Defining the natural logarithm

This thing suddenly started to make sense.

OSA

always wanted a maths teacher like him

prabhatpramanik

Here's something interesting. People learn how to integrate x^n in school, the antiderivative is 1/(n+1) x^(n+1) +C and they also learn that you cannot do this for n=-1, because then you divide by 0. However, one might feel like it just *should* somehow work. Well, what happens when we try to integrate x^(-1+eps) for some small eps>0? Well, the antiderivative is 1/eps * x^eps + C. If we choose C smart in such a way that for x=1, we get that this antiderivative is 0, we get C= -1/eps, so our antiderivative is (x^eps - 1)/eps. And if we now let eps go to 0, the limit of this is precisely ln(x)

pengin

I really love these videos man. It is really cool to see these visual representations of sums, series, and other graphs! Keep it up!

bjchoyce

I learned calculus after logarithms and I never really went back to them. Natural log never clicked in my head.

TacticusPrime

Thank you very much indeed, beautifull explanation.

davidphy

Saludos desde México, éstas modelaciones, amigablemente nos anticipan y preparan, para facilitar el interés de entender, como representarlo con sus correspondientes mecanismos simbólicos.

hugoviloriagonzales

I love these videos please keep uploading these simulations:)

thebread

these were the most valuable moments of my life. thank you for sharing

alute

omg I've always struggled with the idea of the natural log, what it is and where it comes from, and now I understand it! Thank you so much

wsar

I can’t be the only person like just out of college who wishes they watched more of these shorts back in college lol

camnewton

i don't know anything about natural logs but I still watched to the end

goodguyamr

i'd love to see the visual correlation with log (as the potence you'd have to raise e to reach x) and 1/x

skatheo

integral tip: you can do \int f(x)\, dx instead of just \int f(x)dx because \, leaves a nice space inbetween

alvargd

Man ty for ur videos i hope my kid gets to see these, these i wish were around like if sal khan was around or Google was around wen i was a maths major in the university

AnglandAlamehnaSwedish

what a great way to show natural logarithm, i’ve had a hard time visualizing it until now

franklinmontez

There's another derivation using implicit differentiation:
y=ln(x)
e^y=x
differentiate both sides with respect to x
e^y × dy/dx = 1
dy/dx = 1 ÷ e^y
But recall that e^y = x from the beginning. Substituting yields...
dy/dx = 1/x
dy = 1/x dx
integrate both sides
y = integral of 1/x dx
recall that y = ln(x) from the beginning.
ln(x) = integral of 1/x dx
And that's why the antiderivative of 1/x is ln(x)

gabedarrett

I see people in the comments saying that this definition is unintuitive and unnatural, because it fails to explain the relationship between the functions log, exp, and the real number e. This is incorrect, and I will explain why here.

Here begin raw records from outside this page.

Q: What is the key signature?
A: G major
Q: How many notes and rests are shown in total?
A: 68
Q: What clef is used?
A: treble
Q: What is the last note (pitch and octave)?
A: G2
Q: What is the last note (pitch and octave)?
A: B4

The definition is natural, because the most basic type of function everyone is familiar with is a rational function. As such, finding the cumulative integrals of rational functions is something we would naturally ask ourselves about, and want to investigate, almost immediately as soon as we are introduced to the concept of the integral and its definition. The inevitable question you will stumble upon is, "what is this cumulative integral of the reciprocal function"? This is especially so, as among the rational functions, the reciprocal function is incredibly basic, and incredibly important: it is one the first functions you learn about when studying mathematics in primary school. The reason this makes for a natural avenue to define the logarithm is because, merely by asking the question, you have already defined the function!

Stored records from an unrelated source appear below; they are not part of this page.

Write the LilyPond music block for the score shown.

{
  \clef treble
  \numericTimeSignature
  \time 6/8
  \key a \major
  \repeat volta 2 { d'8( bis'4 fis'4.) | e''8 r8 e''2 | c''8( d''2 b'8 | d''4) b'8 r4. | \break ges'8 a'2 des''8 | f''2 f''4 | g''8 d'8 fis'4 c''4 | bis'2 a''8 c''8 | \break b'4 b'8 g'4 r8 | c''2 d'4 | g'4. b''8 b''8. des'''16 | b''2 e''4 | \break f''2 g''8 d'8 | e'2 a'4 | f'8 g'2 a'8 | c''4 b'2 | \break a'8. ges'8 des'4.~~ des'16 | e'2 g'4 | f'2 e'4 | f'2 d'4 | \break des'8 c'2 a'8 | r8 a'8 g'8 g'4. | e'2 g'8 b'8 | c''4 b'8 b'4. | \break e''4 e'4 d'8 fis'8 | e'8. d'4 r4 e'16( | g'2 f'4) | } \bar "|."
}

All that remains is to study its properties: in particular, to prove that from this definition, (a) for all real x, y > 0, log(x·y) = log(x) + log(y), (b) the inverse of log is differentiable, and it satisfies the equation y' = y. Michael Penn (the YouTube channel) has a very recent video in which he goes over proofs of these, but there are many other videos on the Internet that cover this topic as well. As such, there is a very natural and easy-to-derive relationship between exp and log when defined in this manner. As for the relationship between log and e, this can be derived by proving from exp' = exp that for all x, y, exp(x + y) = exp(x)·exp(y), by using the binomial theorem and the Maclaurin series expansion, and once you have this property, you can note that exp'(x) = lim (exp(x + k) – exp(x))/k (k —> 0) = exp(x)·lim (exp(k) – 1)/k (k —> 0), which implies that lim (exp(k) – 1)/k (k —> 0) = 1. Using some substitutions, one can easily prove that lim (exp(k) – 1)/k (k —> 0) = 1/ln(lim (1 + 1/m)^m (m —> ∞)), and since this must be equal to 1, one has that ln(lim (1 + 1/m)^m (m —> ∞)) = 1, which means exp(1) = lim (1 + 1/m)^m (m —> ∞), and we simply call this quantity e, so that exp(1) = e, and ln(e) = 1. Finally, for a bonus, you can then use the binomial theorem again and the Maclaurin series expansion of exp to prove that exp(x) = lim (1 + x/m)^m (m —> ∞).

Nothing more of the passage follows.